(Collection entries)

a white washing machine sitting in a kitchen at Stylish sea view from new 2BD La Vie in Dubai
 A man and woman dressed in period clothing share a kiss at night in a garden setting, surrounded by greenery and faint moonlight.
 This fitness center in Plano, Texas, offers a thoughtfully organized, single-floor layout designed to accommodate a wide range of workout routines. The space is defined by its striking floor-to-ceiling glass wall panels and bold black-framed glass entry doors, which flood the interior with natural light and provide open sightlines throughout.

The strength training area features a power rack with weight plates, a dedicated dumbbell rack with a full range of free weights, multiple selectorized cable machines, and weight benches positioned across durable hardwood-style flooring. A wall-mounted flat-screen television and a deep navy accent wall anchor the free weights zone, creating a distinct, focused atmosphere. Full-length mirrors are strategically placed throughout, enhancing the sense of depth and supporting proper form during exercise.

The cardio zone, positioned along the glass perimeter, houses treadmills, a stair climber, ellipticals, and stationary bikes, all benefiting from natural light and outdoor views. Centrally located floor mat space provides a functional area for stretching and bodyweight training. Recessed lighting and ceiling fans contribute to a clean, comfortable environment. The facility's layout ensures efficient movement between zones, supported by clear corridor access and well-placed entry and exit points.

REQUIREMENT:
Every line of the entries that includes "throughout" must be copied into the answer.

RESPONSE:
 This fitness center in Plano, Texas, offers a thoughtfully organized, single-floor layout designed to accommodate a wide range of workout routines. The space is defined by its striking floor-to-ceiling glass wall panels and bold black-framed glass entry doors, which flood the interior with natural light and provide open sightlines throughout.
The strength training area features a power rack with weight plates, a dedicated dumbbell rack with a full range of free weights, multiple selectorized cable machines, and weight benches positioned across durable hardwood-style flooring. A wall-mounted flat-screen television and a deep navy accent wall anchor the free weights zone, creating a distinct, focused atmosphere. Full-length mirrors are strategically placed throughout, enhancing the sense of depth and supporting proper form during exercise.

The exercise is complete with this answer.